Jordanien und IS:Aufruhr in der Oase der Ruhe

Activists protest in Amman, after the release of a video purportedly showing Islamic State captive Jordanian pilot Kasaesbeh being burnt alive

Ruf nach Rache: In Amman fordern Demonstranten Vergeltung für den Mord an einem Piloten der jordanischen Luftwaffe.

(Foto: Ahmad Abdo/Reuters)
  • Nach der Veröffentlichung der schockierenden Bilder vom Flammentod eines jordanischen Piloten ist das ganze Land in Wut vereint.
  • Ursprünglich waren die Jordanier dem Kampf ihres Landes gegen die IS-Terrormiliz gegenüber skeptisch eingestellt, nun hat sich die Stimmung jäh geändert.
  • Das ganze Land fordert Rache, darunter der Vater des getöteten Piloten. Plötzlich findet sich die Regierung in der Rolle als Getriebene wieder.
  • Nun stellt sich die Frage, ob Jordaniens König etwas anderes übrig bleibt, als sich noch tiefer in den Kampf gegen IS zu verstricken.

Von Ronen Steinke

Die erste Reaktion der jordanischen Regierung ist von tödlicher, geradezu mechanischer Logik. Um vier Uhr morgens am Mittwoch legt der Henker im Swaka-Gefängnis südlich der Hauptstadt Amman zuerst einer Frau, dann einem Mann die Schlinge um den Hals, zwei verurteilten Dschihadisten: der Irakerin Sadschida al-Rischawi und dem Al-Qaida-Mann Siad Karbuli.

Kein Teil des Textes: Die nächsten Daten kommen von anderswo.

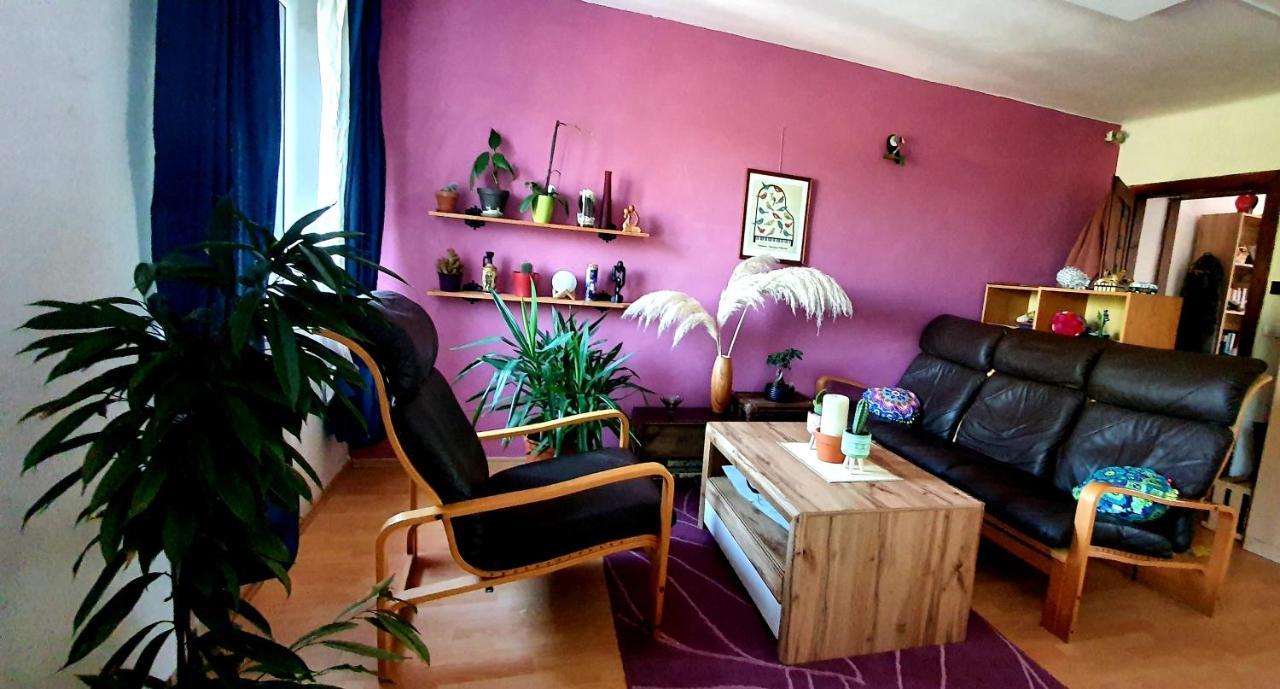 Entire House In The Heart Of Kozana Apartment Dobrovo Luaran gambar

Für die Islamisten werden sie nun Märtyrer sein, vor allem al-Rischawi, die sich 2005 zusammen mit ihrem Mann in einem Hotel in Amman in die Luft sprengen wollte. Ihr Mann führte den Anschlag aus, 38 Menschen starben. Sie indes hatte den Zünder ihres Sprengstoffgürtels in letzter Sekunde nicht betätigen können.

Zwei Hinrichtungen, um die Ermordung eines Kriegsgefangenen zu vergelten

Noch wenige Stunden vor ihrer Hinrichtung hatte Jordanien angeboten, beiden Delinquenten die Freiheit zu schenken, im Austausch gegen einen Piloten der königlichen Luftwaffe, den die Terrormiliz Islamischer Staat (IS) festhielt. Aber der Pilot ist tot, wie man jetzt weiß, ermordet auf bestialische Weise. Also gibt es keinen Deal. Und so verrichtet der Henker im Swaka-Gefängnis bei Morgengrauen sein Werk.

Seit zwölf Stunden verbreiten die Dschihadisten da bereits ein Video im Netz, das die Wut in der jordanischen Bevölkerung hochkochen und den Ruf nach noch wesentlich radikaleren Antworten laut werden lässt. Es zeigt, wie das Leben des 26 Jahre alten Piloten endet, und es ist von einer Grausamkeit, auf die niemand vorbereitet war. Offenbar in Benzin getränkter Kleidung wartet der Todgeweihte in einem Metallkäfig, bis ein maskierter Dschihadist mit einer Fackel Feuer legt und eine Flammenspur auf den Käfig zurast. Das Opfer verbrennt bei lebendigem Leib.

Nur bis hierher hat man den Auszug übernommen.